Hello again!
@wds15, @yizhang and @bbbales2, per @maxbiostat 's suggestion, I am seeking your advice for my question. I’ve given it my best try, and what follows is as far as I’ve gotten on this problem:
functions {
// This largely follows the deSolve package, but also includes the x_r and x_i variables.
// These variables are used in the background.
real[] deltE(real time,
real[] peakE,
real[] wrE,
real[] wfE) {
for (i in 1:size(t)){
return t<peakE ? exp((-(t-peakE)^2)/wrE) : exp((-(t-peakE))/wfE);
}
}
real[] deltG(real time,
real[] peakG,
real[] wrG,
real[] wfG) {
for (i in 1:size(t)){
return t<peakG ? exp((-(t-peakG)^2)/wrG) : exp((-(t-peakG))/wfG);
}
}
real[] deltM(real time,
real[] peakM,
real[] wrM,
real[] wfM) {
for (i in 1:size(t)){
return t<peakM ? exp((-(t-peakM)^2)/wrM) : exp((-(t-peakM))/wfM);
}
}
real[] TIV(real time,
real[] y, // system components {target cell, infected cell, viral load}
real[] params, // parameters
real[] x_r,
int[] x_i) {
real T = y[1];
real I = y[2];
real V = y[3];
real N = x_i[1];
real d = params[1];
real delta = params[2];
real c = params[3];
real kt.Aa = params[4];
real p = params[5];
real ktauE = params[6];
real ktauG = params[7];
real ktauM = params[8];
for (i in 1:t) {
dT_dt = (params[1] * 1e+12) - (params[1] * y[1]) - (params[4] * y[1] * y[3]);
dI_dt = (params[4] * y[1] * y[3]) - ((params[2] + params[6] * deltE[i]) * y[2]);
dV_dt = (params[5] * y[2]) - ((params[3] + params[7] * deltG[i] + params[8] * deltM[i]) * y[3]);
return {dT_dt, dI_dt, dV_dt};
}
}
}
data {
int<lower = 1> n_obs; // Number of obs
real y0[3];
real t0;
int<lower = 1> n_params; // Number of model parameters
int<lower = 1> n_difeq; // Number of differential equations in the system
int<lower = 1> n_fake; // This is to generate "predicted"/"unsampled" data
real ts[n_obs]; // Time points that were sampled
int N;
real fake_ts[n_fake]; // Time points for "predicted"/"unsampled" data
}
transformed data {
real x_r[0];
int x_i[1] = {N};
}
parameters {
real<lower = 0> params[n_params]; // Model parameters
real<lower = 0> V0; // Initial viral load
}
transformed parameters{
real y_hat[n_obs, n_difeq]; // Output from the ODE solver
real y0[n_difeq]; // Initial conditions for both S and I
{
real params[8];
real params[1] = d;
real params[2] = delta;
real params[3] = c;
real params[4] = kt.Aa;
real params[5] = p;
real params[6] = ktauE;
real params[7] = ktauG;
real params[8] = ktauM;
y_hat = integrate_ode_rk45(TIV, y0, t0, ts, params, x_r, x_i);
}
}
model {
//priors
d ~ normal(0, 0.5); //truncated at 0
delta ~ normal(0, 1);
c ~ normal(0, 1);
kt.Aa ~ normal(0, 1);
p ~ normal(0, 1);
ktauE ~ normal(0, 1);
ktauG ~ normal(0, 1);
ktauM ~ normal(0, 1);
//sampling distribution
//col(matrix x, int n) - The n-th column of matrix x.
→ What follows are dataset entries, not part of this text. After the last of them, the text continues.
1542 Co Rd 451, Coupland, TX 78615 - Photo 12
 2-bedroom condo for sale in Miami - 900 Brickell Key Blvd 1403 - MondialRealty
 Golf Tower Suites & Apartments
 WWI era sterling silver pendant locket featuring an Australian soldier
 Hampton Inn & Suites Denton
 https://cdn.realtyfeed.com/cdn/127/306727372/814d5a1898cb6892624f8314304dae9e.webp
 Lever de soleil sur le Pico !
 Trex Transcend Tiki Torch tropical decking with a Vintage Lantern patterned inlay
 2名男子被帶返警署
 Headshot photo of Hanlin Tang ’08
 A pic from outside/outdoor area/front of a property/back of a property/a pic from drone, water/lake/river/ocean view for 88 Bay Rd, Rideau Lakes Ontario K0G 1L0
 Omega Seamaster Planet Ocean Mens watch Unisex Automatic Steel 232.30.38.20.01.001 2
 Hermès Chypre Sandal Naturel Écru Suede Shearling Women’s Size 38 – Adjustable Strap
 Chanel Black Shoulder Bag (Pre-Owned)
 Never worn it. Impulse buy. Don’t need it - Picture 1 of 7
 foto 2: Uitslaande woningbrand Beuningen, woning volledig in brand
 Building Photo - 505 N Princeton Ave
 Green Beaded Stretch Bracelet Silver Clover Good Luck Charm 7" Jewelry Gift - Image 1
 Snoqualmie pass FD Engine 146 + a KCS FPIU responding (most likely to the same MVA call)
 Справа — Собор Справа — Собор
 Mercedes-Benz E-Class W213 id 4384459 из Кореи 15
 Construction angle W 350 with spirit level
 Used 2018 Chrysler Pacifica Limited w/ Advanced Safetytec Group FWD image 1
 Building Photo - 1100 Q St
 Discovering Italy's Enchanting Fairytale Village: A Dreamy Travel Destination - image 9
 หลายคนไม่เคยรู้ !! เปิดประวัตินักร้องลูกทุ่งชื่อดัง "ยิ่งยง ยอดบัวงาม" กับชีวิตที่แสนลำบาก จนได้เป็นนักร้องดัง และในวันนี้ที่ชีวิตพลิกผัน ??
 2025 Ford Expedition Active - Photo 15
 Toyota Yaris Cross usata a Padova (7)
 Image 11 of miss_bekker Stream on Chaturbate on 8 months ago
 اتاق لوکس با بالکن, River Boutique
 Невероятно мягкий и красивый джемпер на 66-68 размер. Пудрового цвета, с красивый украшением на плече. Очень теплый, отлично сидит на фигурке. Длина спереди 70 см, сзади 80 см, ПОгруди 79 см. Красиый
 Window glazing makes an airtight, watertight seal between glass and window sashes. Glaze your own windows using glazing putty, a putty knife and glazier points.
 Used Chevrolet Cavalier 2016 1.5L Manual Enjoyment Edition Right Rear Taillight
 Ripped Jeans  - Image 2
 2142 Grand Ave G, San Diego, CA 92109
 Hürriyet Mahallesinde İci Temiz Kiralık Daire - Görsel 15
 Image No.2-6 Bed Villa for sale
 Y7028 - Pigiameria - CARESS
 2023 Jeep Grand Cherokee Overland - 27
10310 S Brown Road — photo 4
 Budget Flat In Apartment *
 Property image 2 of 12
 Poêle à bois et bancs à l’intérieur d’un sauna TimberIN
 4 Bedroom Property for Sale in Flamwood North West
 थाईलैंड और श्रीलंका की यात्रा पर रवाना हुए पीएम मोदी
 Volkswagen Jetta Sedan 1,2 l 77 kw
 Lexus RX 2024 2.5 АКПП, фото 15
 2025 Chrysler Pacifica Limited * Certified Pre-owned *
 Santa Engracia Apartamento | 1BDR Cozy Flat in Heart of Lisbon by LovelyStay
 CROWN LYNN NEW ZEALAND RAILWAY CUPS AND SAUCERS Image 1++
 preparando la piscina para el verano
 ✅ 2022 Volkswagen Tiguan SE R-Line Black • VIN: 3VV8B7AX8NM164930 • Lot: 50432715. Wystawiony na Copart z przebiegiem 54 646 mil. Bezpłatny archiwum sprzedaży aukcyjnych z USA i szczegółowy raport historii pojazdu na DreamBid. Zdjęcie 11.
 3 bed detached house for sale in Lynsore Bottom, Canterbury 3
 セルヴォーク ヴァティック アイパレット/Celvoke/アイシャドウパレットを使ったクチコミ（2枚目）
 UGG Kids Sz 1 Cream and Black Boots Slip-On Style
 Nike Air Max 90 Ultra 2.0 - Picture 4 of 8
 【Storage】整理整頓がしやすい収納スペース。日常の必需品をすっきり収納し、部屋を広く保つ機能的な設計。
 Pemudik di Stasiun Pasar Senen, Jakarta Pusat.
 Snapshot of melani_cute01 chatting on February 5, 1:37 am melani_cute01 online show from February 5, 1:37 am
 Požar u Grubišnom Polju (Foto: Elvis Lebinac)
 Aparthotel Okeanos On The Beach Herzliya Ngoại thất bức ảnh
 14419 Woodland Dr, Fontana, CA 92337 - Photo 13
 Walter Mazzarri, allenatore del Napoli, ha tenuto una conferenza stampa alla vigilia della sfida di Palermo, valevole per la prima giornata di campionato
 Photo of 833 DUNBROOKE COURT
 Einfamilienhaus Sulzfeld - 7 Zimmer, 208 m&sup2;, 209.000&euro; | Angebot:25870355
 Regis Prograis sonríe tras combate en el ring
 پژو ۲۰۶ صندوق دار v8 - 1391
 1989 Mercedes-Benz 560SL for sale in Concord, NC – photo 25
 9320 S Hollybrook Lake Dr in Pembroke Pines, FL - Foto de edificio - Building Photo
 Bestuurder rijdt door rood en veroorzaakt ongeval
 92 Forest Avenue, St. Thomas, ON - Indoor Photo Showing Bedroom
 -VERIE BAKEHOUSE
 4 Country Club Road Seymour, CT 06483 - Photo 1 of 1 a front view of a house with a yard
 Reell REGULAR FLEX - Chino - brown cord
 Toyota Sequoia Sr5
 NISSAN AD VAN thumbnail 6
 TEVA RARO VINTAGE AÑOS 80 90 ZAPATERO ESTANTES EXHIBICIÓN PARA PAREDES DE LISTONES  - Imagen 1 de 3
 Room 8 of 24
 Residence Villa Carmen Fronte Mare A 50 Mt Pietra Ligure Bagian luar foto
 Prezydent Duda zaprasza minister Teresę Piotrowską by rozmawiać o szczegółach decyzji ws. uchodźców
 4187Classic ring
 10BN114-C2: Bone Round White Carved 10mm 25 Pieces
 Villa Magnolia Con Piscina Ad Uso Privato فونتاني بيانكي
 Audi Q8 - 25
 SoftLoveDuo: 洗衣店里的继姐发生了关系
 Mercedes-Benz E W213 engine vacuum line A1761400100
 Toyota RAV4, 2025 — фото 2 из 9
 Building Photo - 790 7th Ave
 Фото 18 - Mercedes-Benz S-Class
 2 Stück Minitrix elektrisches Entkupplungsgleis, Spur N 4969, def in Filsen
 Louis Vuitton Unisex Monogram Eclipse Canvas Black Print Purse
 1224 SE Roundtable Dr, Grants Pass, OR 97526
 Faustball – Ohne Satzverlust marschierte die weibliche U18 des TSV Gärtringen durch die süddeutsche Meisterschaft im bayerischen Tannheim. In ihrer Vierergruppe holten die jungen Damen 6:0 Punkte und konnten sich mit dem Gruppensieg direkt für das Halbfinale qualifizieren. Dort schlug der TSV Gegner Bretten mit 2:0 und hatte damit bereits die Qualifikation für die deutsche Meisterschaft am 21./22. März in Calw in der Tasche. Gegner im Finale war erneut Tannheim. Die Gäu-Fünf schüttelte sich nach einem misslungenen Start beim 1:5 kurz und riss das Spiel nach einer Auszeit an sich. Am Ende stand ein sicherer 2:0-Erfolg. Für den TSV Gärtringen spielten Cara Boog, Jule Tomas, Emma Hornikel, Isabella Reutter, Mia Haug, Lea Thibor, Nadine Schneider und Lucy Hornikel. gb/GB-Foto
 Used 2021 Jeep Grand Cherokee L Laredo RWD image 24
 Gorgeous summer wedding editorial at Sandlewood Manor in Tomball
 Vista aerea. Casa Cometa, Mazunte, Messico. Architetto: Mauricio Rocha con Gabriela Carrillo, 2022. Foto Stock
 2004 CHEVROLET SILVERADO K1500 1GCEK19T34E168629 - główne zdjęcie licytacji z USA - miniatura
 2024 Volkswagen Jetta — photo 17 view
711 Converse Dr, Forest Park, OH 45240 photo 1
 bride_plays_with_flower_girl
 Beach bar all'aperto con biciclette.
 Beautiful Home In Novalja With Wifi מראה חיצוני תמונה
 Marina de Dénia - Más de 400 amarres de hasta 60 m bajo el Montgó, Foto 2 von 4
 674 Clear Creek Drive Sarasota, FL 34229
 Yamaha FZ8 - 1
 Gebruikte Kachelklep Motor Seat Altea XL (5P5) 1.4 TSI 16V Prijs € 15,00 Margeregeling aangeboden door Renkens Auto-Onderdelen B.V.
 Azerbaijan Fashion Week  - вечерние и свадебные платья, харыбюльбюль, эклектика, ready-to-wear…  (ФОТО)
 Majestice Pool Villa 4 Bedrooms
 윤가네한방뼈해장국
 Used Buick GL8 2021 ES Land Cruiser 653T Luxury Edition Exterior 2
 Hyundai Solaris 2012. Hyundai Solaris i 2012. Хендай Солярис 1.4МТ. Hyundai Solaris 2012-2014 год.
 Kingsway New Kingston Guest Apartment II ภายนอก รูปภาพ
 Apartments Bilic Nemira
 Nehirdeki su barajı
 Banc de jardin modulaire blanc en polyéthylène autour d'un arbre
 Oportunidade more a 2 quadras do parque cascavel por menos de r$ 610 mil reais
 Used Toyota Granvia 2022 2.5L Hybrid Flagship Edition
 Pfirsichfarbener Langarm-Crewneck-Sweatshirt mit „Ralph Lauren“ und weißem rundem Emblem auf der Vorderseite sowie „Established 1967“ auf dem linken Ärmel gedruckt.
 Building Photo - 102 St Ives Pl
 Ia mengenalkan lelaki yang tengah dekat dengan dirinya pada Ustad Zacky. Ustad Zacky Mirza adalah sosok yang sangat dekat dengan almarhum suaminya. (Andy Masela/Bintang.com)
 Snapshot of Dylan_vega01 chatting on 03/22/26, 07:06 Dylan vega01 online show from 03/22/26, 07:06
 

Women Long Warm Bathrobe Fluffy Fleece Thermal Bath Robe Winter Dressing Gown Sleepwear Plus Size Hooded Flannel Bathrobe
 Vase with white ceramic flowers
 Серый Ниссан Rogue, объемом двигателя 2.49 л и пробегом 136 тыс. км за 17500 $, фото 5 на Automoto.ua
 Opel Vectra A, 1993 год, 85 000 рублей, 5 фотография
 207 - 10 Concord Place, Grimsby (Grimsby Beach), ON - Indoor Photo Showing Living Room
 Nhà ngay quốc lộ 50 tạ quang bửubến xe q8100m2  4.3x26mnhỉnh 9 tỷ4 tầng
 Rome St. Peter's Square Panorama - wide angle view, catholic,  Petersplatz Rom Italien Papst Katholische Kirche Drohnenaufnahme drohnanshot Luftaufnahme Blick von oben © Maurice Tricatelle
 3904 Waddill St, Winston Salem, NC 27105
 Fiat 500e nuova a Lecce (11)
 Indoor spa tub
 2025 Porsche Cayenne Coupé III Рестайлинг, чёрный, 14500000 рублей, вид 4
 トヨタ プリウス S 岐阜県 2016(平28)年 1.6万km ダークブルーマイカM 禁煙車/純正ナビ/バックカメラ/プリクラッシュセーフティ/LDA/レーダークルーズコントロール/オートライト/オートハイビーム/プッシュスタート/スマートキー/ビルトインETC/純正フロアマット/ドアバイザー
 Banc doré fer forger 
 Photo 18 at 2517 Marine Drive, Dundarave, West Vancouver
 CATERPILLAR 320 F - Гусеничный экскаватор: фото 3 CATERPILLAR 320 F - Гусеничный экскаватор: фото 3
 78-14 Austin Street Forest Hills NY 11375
Here the number of infected people
cases ~ neg_binomial_2(col(to_matrix(y), 2), phi);
}
generated quantities {
// Generate predicted data over the whole time series:
real fake_I[n_fake, n_difeq];
fake_I = integrate_ode_rk45(SI, y0, t0, fake_ts, params, x_r, x_i);
}
Again, many thanks for any help offered!
EDIT: @maxbiostat edited this post for syntax highlighting.